## Dataset entries
§ §
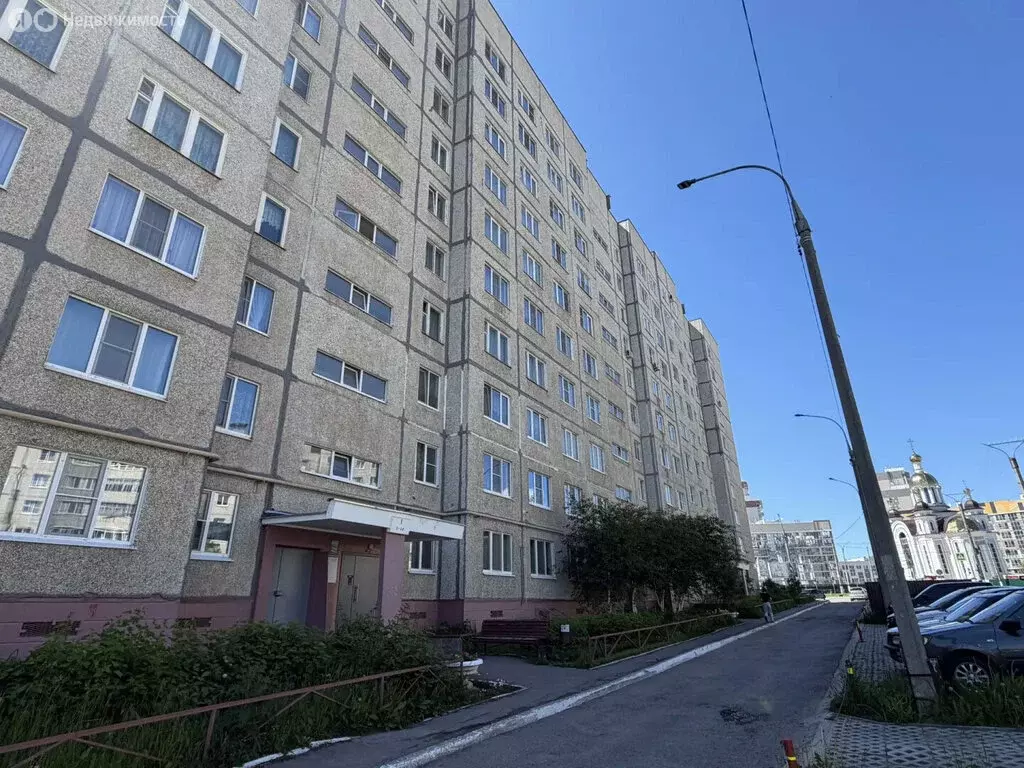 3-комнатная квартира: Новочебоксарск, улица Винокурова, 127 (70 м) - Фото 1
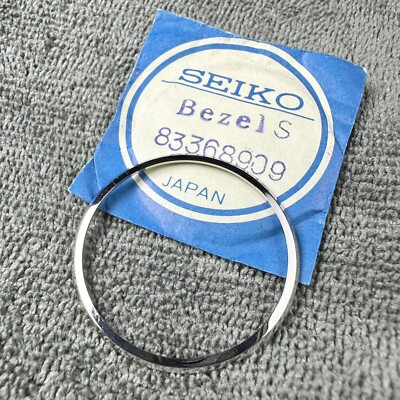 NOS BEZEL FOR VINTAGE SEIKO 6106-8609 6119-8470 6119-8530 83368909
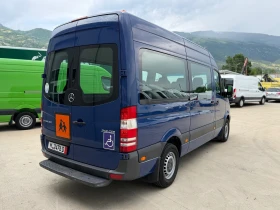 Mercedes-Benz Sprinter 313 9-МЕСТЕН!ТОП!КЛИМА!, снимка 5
§ §
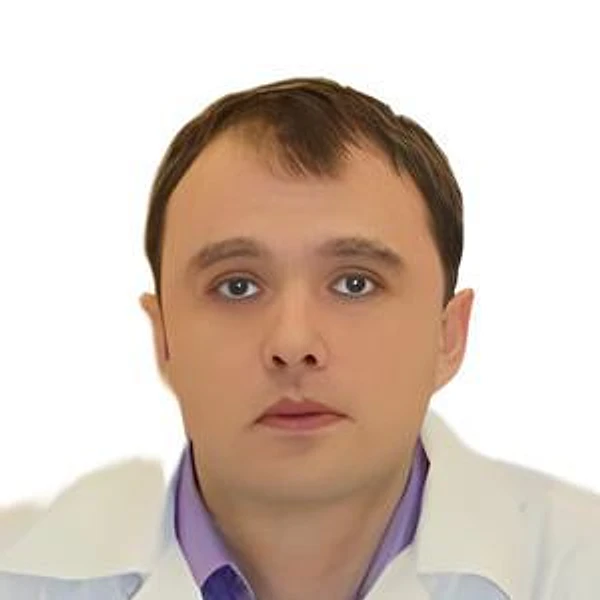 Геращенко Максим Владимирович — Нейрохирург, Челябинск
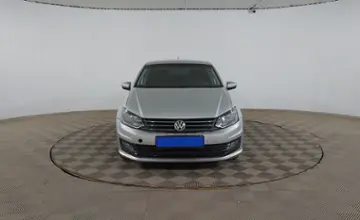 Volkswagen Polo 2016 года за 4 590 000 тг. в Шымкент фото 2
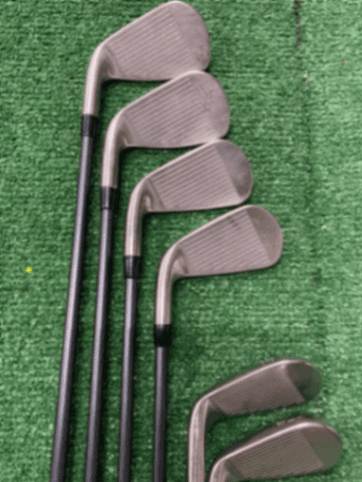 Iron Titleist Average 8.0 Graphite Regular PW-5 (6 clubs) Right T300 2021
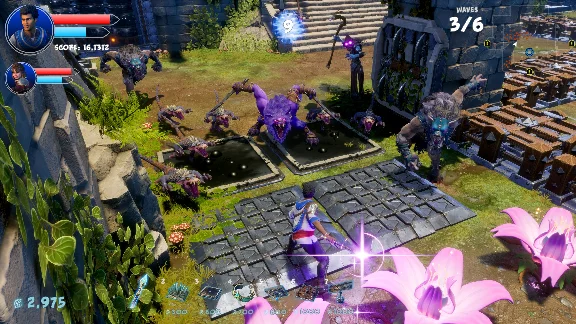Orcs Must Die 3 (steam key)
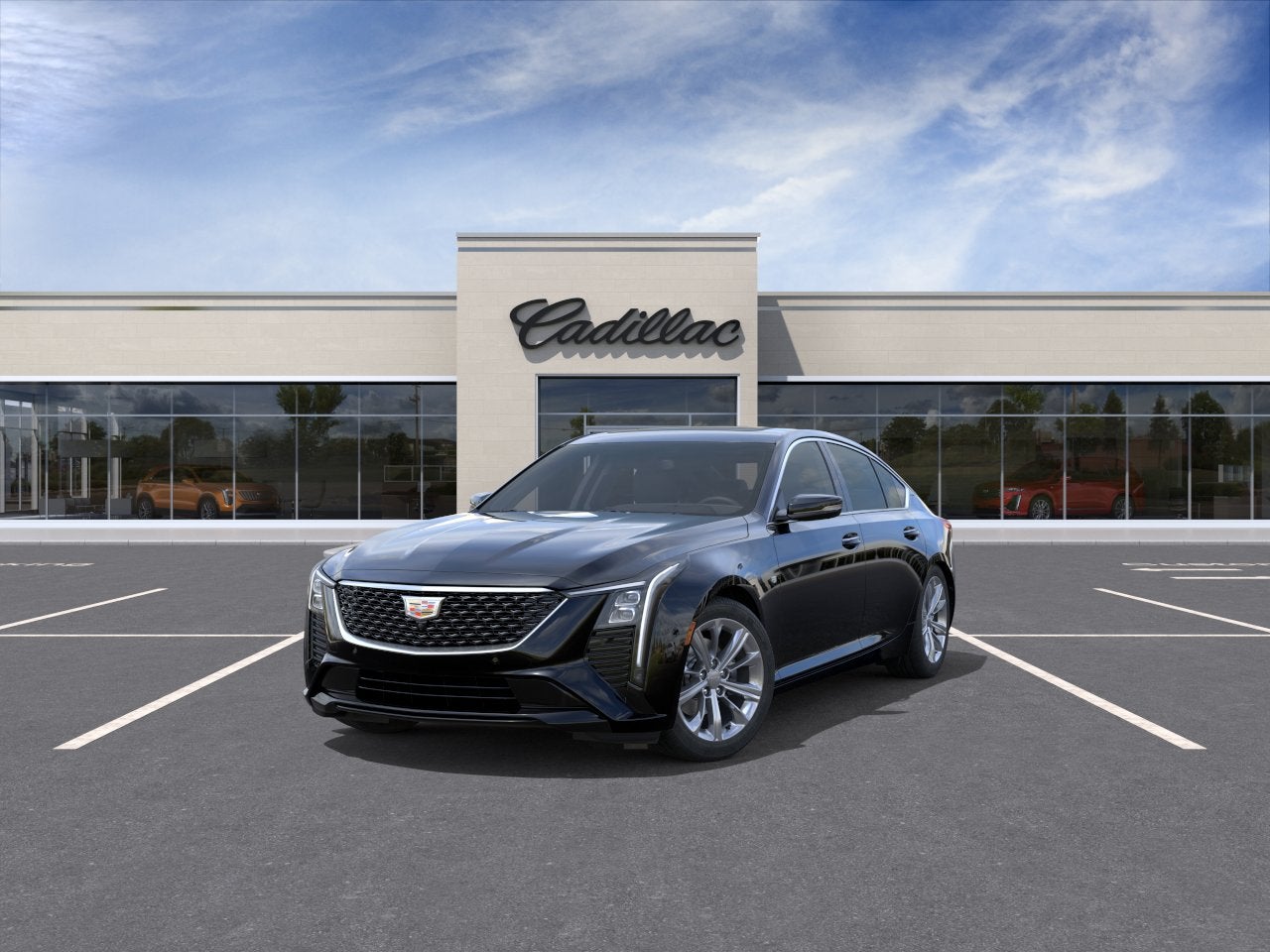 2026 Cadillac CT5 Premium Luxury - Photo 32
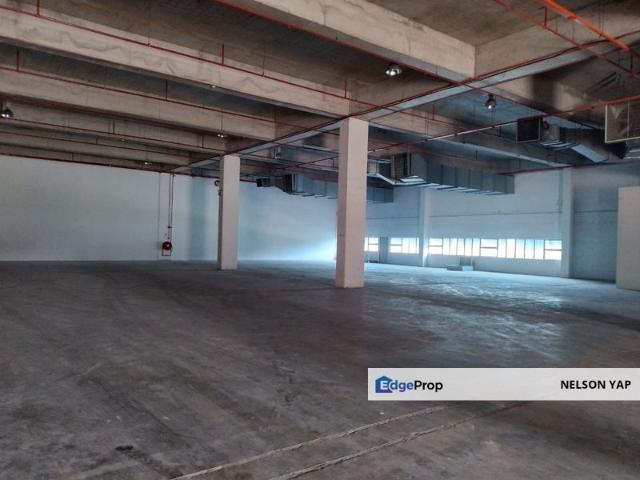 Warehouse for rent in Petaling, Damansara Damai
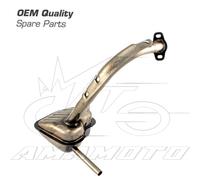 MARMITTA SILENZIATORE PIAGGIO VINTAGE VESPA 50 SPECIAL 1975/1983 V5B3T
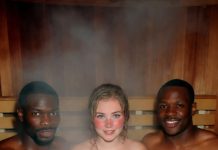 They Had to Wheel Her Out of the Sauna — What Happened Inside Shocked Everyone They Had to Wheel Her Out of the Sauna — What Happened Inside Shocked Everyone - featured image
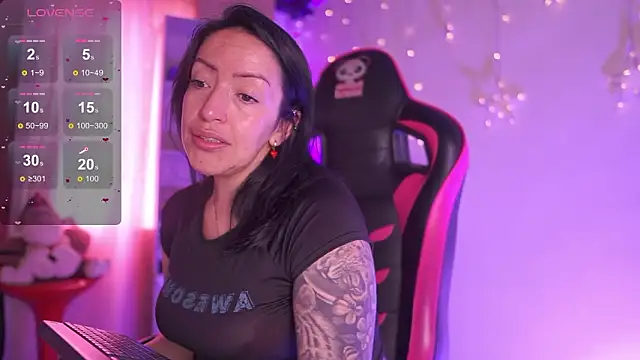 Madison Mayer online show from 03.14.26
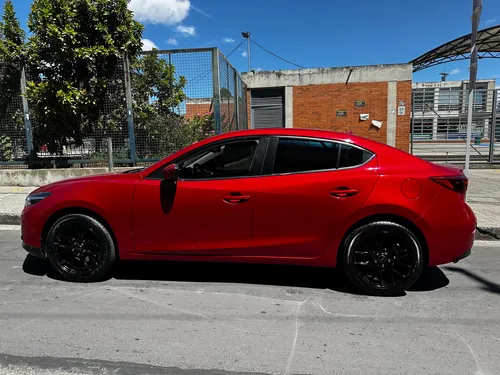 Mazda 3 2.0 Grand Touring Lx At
§ §
## Assigned task
Quote the data above exactly from the line with "Геращенко Максим Владимирович" to the line with "Mazda 3 2.0 Grand Touring Lx At", both ends counted, and nothing else. Pictures don't go in.

## Completed task
 Геращенко Максим Владимирович — Нейрохирург, Челябинск
 Volkswagen Polo 2016 года за 4 590 000 тг. в Шымкент фото 2
 Iron Titleist Average 8.0 Graphite Regular PW-5 (6 clubs) Right T300 2021
Orcs Must Die 3 (steam key)
 2026 Cadillac CT5 Premium Luxury - Photo 32
 Warehouse for rent in Petaling, Damansara Damai
 MARMITTA SILENZIATORE PIAGGIO VINTAGE VESPA 50 SPECIAL 1975/1983 V5B3T
 They Had to Wheel Her Out of the Sauna — What Happened Inside Shocked Everyone They Had to Wheel Her Out of the Sauna — What Happened Inside Shocked Everyone - featured image
 Madison Mayer online show from 03.14.26
 Mazda 3 2.0 Grand Touring Lx At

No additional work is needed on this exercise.